Булгакову приходится возвращаться к поденщине: делать инсценировки, сочинять либретто опер. Но даже в ситуации, когда «судьба берет за горло», он сохраняет способность пошутить, посмотреть на себя со стороны. Получив от МХАТа заказ на пьесу по мотивам гоголевской поэмы, он с горькой иронией рассказывает другу-философу П. С. Попову: «Итак „Мертвые души“… Через 9 дней мне исполнится 41 год. Это – чудовищно! Но тем не менее это так.

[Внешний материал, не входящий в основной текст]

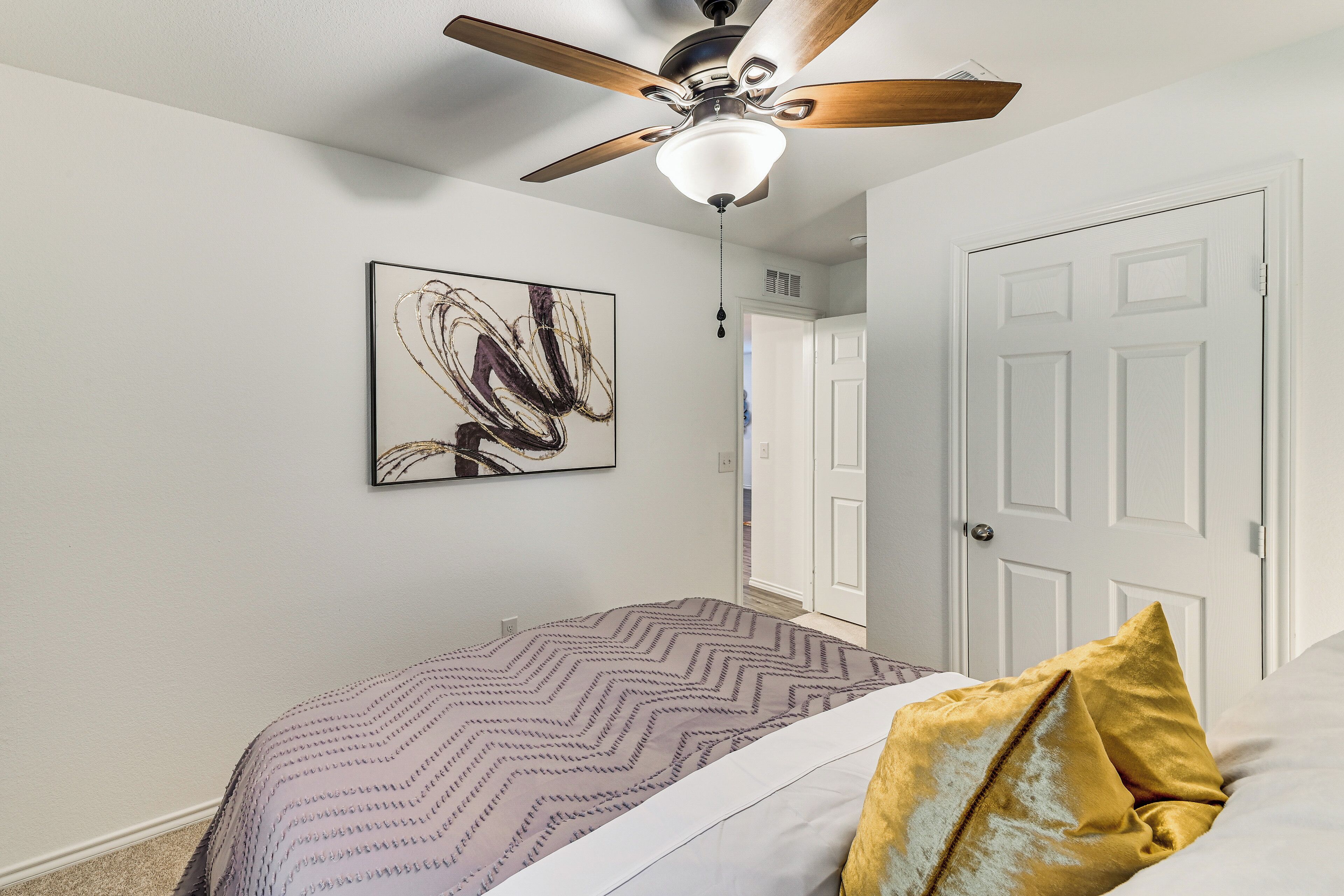 Une chambre à coucher avec un lit, un ventilateur de plafond, une porte et un tableau abstrait accroché au mur.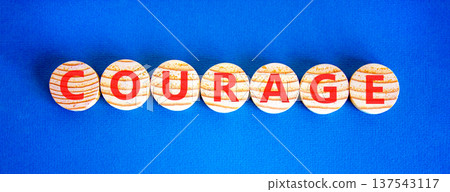 Courage symbol. Concept word Courage on beautiful wooden circles. Beautiful blue background. Business courage concept. Copy space. 137543117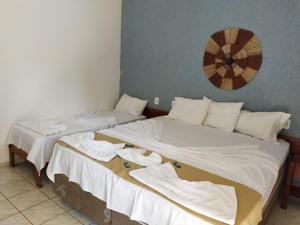Katil atau katil-katil dalam bilik di Pousada Flor de Lotus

И вот, к концу моей писательской работы я был вынужден сочинять инсценировки. Какой блистательный финал, не правда ли? Я смотрю на полки и ужасаюсь: кого, кого еще мне придется инсценировать завтра? Тургенева? Лескова? Брокгауза-Ефрона? Островского? Но последний, по счастью, сам себя инсценировал, очевидно предвидя то, что случится со мною в 1929–1931 гг.» (7 мая 1932 г.)
Среди булгаковских работ тридцатых годов, кроме «комедии в четырех актах» «Мертвые души», – «инсценированный роман Л. Н. Толстого в четырех действиях» «Война и мир» (в нем тридцать сцен, 115 персонажей, включая «чтеца» и 5 «голосов»), «мольериана в трех действиях» «Полоумный Журден», «пьеса по Сервантесу в четырех действиях» «Дон Кихот».